Da tut einer zweimal genau dasselbe – und es ist dennoch völlig anders.

Nichtstun 1: Stellen wir uns vor, es wäre ein echter Schwabe, früher einmal darauf getrimmt, zum Schaffe, Schaffe, Häuslebaue. Dann jedoch ist das Allermeiste erledigt. Er setzt sich ohne weitere Motivation auf die Couch und sie lässt ihn nicht mehr los. Was denkt der über sich, jetzt, wo er zur Couchkartoffel geworden ist? Vermutlich das, was andere über ihn denken.

Nichtstun 2: Megafone fahren durchs Dorf und fordern auf, genau das zu tun, was er die letzte Zeit gemacht hat: Rumsitzen. Der Verlierer ist plötzlich ein Vorreiter, weil die Welt Kopf stehen muss, um nicht die gesunde Haltung zu verlieren.

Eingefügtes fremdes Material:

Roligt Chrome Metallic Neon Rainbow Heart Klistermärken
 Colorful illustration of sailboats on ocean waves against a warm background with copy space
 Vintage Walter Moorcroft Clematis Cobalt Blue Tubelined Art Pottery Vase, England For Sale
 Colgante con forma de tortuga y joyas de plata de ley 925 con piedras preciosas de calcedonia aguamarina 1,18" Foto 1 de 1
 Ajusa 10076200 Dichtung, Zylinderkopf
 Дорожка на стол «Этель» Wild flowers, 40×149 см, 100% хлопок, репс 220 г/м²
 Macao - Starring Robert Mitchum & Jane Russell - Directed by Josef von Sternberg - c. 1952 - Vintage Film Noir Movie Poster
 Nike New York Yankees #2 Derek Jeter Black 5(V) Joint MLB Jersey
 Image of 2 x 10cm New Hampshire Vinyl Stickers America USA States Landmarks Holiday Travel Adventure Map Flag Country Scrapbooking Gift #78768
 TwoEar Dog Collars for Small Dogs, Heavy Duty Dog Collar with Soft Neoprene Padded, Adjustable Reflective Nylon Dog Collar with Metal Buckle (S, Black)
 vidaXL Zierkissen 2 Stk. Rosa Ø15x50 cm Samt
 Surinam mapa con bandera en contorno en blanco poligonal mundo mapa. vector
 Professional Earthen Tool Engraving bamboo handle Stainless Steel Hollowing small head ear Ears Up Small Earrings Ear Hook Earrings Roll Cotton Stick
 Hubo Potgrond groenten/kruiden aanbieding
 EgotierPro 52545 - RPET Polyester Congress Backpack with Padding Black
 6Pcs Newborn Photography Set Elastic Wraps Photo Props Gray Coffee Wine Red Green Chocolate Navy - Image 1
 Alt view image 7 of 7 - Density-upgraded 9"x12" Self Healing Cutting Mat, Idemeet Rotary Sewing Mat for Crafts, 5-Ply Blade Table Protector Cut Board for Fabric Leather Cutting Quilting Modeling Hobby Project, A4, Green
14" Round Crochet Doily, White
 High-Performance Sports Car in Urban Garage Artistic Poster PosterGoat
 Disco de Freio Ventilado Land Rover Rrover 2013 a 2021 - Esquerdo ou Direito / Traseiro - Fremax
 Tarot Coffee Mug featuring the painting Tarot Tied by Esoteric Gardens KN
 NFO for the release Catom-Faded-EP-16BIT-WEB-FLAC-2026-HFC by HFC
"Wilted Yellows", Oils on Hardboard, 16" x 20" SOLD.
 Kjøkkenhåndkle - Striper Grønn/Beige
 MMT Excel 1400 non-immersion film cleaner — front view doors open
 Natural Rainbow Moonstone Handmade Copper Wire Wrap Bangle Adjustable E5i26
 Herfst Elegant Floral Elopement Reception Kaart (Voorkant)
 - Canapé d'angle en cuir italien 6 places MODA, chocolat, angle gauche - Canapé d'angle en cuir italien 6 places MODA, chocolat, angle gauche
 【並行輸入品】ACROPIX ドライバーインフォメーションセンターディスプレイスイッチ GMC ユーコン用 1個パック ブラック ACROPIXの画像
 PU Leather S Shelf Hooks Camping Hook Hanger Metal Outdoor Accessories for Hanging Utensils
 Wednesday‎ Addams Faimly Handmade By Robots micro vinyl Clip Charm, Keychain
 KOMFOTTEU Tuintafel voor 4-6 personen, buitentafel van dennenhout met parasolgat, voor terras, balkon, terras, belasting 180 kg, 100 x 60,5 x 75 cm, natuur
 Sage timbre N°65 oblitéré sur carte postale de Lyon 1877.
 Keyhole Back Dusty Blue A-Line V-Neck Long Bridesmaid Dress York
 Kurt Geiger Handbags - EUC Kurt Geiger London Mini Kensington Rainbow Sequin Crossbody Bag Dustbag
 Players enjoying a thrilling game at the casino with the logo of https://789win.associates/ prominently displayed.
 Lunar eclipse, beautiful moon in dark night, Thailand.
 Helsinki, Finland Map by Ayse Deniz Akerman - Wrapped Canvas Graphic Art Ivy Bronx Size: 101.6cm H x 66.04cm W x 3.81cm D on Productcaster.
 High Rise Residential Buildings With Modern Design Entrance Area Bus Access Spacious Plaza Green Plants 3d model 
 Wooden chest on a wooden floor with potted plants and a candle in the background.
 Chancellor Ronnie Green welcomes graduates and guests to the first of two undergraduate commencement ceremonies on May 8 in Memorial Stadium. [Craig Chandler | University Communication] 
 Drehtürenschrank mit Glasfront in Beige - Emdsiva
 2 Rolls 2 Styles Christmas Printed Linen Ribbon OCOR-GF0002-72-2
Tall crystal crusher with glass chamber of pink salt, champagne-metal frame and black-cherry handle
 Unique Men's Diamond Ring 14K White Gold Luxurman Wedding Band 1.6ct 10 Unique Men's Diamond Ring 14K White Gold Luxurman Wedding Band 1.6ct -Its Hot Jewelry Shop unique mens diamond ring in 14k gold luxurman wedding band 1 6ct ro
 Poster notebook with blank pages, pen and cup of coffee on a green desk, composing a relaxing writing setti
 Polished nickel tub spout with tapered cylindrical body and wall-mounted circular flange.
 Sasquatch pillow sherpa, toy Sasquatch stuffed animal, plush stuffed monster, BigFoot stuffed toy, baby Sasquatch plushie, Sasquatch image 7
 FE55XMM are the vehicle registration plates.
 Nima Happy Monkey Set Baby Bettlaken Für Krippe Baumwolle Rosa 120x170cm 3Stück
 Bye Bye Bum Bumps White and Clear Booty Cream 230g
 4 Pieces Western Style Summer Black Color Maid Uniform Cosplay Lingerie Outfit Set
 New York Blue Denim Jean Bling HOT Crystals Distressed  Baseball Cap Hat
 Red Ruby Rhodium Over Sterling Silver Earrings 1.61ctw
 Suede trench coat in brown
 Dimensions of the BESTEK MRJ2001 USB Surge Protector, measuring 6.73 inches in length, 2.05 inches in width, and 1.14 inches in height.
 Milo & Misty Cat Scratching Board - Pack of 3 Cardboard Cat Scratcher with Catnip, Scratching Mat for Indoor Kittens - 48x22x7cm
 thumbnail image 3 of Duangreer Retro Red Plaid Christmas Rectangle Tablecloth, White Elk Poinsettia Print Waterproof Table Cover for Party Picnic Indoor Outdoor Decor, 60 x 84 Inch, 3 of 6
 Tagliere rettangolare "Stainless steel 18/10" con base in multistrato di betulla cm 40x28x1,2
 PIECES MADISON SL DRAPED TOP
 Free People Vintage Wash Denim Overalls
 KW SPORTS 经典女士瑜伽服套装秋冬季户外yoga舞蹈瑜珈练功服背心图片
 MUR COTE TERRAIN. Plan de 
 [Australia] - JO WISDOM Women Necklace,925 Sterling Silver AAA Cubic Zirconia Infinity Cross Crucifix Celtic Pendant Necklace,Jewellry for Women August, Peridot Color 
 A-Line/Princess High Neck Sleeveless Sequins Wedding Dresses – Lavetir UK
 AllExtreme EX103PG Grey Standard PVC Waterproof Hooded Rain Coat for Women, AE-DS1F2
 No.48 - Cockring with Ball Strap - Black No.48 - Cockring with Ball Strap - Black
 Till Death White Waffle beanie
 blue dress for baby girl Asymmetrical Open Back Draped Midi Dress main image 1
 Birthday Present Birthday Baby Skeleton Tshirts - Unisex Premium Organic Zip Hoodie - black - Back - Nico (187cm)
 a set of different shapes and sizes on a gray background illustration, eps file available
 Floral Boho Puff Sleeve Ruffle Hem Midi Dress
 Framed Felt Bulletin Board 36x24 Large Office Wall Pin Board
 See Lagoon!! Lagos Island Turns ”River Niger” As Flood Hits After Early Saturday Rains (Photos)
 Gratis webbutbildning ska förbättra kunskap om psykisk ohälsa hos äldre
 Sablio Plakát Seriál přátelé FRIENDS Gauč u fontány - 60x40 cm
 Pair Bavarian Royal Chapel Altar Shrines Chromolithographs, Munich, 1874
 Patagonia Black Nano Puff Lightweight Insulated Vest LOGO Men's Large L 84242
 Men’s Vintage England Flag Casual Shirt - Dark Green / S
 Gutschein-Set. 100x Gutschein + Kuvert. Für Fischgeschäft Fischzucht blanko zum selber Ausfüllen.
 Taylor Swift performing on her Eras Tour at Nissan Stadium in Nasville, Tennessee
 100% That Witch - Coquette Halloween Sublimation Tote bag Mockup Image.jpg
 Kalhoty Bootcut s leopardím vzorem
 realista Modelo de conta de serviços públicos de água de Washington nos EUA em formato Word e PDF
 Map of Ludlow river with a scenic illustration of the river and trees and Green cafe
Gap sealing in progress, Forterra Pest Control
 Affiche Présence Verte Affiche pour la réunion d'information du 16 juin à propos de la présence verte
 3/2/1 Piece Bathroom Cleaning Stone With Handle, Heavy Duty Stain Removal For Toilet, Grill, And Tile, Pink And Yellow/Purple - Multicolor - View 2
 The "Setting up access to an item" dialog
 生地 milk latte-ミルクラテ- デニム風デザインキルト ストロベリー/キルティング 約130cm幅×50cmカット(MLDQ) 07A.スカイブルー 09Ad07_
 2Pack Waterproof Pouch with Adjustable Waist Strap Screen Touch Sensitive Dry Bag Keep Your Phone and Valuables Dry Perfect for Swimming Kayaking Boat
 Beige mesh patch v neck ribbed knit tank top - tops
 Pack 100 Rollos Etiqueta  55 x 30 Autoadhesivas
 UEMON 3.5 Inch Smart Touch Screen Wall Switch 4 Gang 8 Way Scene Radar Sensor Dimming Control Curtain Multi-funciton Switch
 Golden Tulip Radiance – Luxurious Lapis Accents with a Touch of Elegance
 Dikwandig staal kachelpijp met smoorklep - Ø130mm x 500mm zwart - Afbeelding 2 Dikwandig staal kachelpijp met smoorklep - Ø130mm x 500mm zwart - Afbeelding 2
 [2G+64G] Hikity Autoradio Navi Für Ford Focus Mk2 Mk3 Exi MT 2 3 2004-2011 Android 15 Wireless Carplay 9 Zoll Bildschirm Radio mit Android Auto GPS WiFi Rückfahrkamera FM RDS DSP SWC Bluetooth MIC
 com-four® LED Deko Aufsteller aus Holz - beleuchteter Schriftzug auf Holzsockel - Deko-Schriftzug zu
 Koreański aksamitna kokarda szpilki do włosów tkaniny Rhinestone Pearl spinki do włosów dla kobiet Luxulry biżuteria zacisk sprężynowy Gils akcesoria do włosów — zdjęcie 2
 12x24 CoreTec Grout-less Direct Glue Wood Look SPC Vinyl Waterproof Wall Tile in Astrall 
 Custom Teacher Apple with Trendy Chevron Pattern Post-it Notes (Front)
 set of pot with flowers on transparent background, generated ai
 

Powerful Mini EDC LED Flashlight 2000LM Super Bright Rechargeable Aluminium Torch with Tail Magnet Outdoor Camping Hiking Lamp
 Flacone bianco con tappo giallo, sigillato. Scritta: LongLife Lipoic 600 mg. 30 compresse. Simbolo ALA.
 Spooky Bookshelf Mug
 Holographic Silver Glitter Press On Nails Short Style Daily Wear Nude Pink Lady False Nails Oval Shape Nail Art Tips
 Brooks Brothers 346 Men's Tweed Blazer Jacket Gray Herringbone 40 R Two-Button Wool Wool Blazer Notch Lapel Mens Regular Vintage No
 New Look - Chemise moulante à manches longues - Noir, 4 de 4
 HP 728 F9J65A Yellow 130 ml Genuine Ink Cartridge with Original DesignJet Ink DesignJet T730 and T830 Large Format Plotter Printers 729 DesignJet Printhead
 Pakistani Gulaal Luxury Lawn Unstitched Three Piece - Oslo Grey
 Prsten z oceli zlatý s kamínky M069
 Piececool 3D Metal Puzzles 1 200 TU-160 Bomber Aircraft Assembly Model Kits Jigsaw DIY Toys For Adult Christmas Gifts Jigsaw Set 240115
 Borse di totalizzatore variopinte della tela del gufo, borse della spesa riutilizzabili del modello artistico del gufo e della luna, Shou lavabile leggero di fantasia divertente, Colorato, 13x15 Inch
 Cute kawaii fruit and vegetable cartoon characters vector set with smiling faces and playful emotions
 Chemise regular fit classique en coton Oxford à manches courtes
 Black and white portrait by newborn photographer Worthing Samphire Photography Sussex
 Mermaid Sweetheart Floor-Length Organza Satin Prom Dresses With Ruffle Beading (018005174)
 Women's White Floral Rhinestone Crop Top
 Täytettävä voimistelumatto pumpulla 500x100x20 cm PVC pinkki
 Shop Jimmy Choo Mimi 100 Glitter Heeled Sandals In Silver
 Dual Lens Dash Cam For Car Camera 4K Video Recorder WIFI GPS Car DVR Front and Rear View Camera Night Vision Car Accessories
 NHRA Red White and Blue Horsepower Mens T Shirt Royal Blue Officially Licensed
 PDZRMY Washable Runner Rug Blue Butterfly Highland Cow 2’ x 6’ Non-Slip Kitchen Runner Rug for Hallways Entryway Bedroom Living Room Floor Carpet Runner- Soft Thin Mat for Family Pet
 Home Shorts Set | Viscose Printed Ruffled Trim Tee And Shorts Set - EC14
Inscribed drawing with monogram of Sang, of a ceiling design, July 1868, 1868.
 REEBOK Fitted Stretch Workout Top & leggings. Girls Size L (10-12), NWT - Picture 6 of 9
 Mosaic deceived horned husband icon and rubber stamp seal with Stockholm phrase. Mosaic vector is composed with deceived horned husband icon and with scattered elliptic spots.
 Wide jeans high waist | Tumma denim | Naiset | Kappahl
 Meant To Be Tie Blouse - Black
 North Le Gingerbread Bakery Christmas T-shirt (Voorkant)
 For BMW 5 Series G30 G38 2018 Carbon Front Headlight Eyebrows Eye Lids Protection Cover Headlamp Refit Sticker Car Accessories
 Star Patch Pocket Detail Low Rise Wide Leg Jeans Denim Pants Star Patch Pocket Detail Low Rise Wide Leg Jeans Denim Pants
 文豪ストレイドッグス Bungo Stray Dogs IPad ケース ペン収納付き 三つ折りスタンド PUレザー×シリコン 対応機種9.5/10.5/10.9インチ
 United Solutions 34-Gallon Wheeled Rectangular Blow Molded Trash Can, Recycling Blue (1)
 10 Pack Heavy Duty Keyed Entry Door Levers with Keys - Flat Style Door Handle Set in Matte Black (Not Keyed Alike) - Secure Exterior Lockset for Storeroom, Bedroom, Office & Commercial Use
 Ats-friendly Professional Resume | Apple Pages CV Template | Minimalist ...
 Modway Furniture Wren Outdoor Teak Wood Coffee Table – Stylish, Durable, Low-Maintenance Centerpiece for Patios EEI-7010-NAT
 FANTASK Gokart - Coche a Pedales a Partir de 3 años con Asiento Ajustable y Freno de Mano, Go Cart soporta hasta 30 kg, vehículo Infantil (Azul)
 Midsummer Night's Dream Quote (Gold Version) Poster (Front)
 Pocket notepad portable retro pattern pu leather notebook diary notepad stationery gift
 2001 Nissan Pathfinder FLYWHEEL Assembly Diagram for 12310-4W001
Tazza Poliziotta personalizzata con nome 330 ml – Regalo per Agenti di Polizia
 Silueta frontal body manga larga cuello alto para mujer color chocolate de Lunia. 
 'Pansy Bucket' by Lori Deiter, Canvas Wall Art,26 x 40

Nun ist Faulheit keine ausgewiesene christliche Tugend. Aber das gilt genauso für blinden Aktionismus. Den etwas Fauleren fällt die Arbeit schwer, den etwas Hyperaktiven die Stille. Dieser Mann sitzt links sinnlos rum. Rechts hat er so etwas wie eine kleine Erleuchtung erlebt: Dass er nichts Falsches tut, ist schon etwas Richtiges.

Mit seinem freundlichen Lächeln im Gesicht kann er zum Beispiel die Umwelt schonen, indem er sie Umwelt sein lässt. Oder damit kann er die Gefährdeten schonen, indem er sie nichtansteckt. Oder er lässt Gedanken kommen, auf die ein Hektiker nie gekommen wäre. Konzentrierte, gute Gedanken kommen eher, wenn man andere Beschäftigungen sein lässt. Die Nachfolge der ersten Jünger beginnt sogar damit, dass sie ihr Werkzeug, ihre Netze, aus der Hand legen.

Mit so einem Mann kann man keinen Krieg gewinnen. Schon allein deswegen, weil er den Frieden gefunden hat.

Wir lernen gerade weltweit, wie die Umstände dasselbe Handeln in einem anderen Licht zeigen.

Das wäre sicher kein Rezept für jeden und zu jeder Zeit. Viele müssen gerade hart anpacken. Doch für manche ist genau das jetzt dran. Aktuell haben etwa Meister der Meditation ungewöhnlich viel Zuspruch. Was machen sie überwiegend? Sie halten sich still. Das tut der Seele gut und ist sogar in mehrfacher Hinsicht für den Körper gesund.

Ich wünschen uns allen Momente des Stillwerdens, wo wir die Herzschläge unserer Gesellschaft wieder spüren können.